REGGIE JACKSON TELLS A SECRET ABOUT BOWIE AND A BOTTLE OF CHAMPAGNE
One of the more memorable moments of the 1974 World Series occurred after all the action on the field had concluded. The Oakland A's were gathered in a moment of high solemnity: the presentation of their third straight championship trophy by Commissioner Bowie Kuhn. Suddenly, before the assembled reporters, TV cameramen and assorted hangers-on, Reggie Jackson uncorked a bottle of champagne, slopped its contents all over the astonished commissioner—and kissed him on the cheek for good measure.

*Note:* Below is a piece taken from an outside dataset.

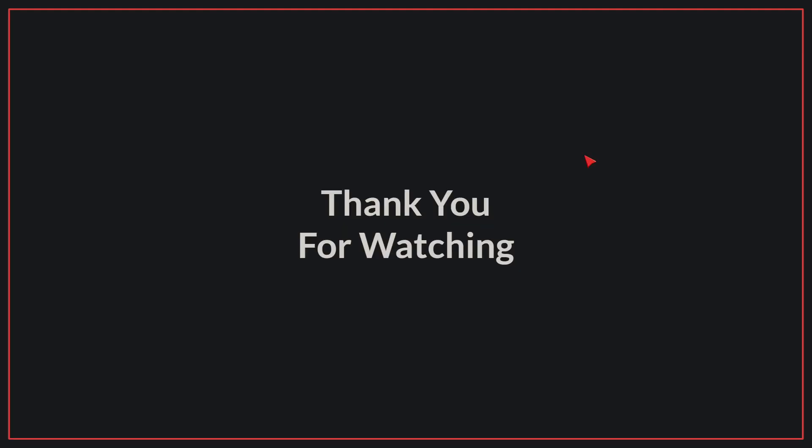We have come to the end of today's video. If you liked the video, please make sure to like and subscribe. Goodbye.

It was a delicious scene: executive pomposity receiving its just deserts. But it was not, apparently, spontaneous. We are now told, by Jackson himself, that he had arranged the gag with none other than his persistent adversary, Charles O. Finley, owner of the A's and baseball's most notorious, vociferous Kuhnophobe. This is one of many anecdotes in Reggie: A Season with a Superstar (Playboy Press, $9.50), by Jackson with Bill Libby. The book is more or less a diary of the '74 season, taped by Jackson and shaped into book form by Libby, a veteran at such matters. It's a sports book of the new style, laced with four-letter words and coy references to Jackson's amorous conquests and rather transparently determined efforts to be controversial, but it's fun all the same.
For two reasons. One is Jackson himself, who is by now recognized as one of the most attractive, intelligent and outspoken people in sport. The other is the A's, a volatile combination of personalities made all the more so by the maddening yet somehow entertaining presence of Charlie Finley, the Mahatma of Megalomania.
Nineteen seventy-four was a good season for A's-watching. It began with the general confusion caused by bitter salary arbitrations and the replacement of Dick Williams as manager by Alvin Dark; it continued with a running series of locker-room fights; it ended with still another blow to the skeptics, a thumping conquest of the Dodgers.
Jackson is a sharp observer, and a lot of his inside poop will be grist for the Hot Stove League. At times his self-congratulations get wearisome, but they are balanced by his generous assessments of teammates and opponents, even by a few kind words for Finley and Dark. I was a Jackson fan before I read the book, and I remain one; in the world of sports books, that's something of a compliment.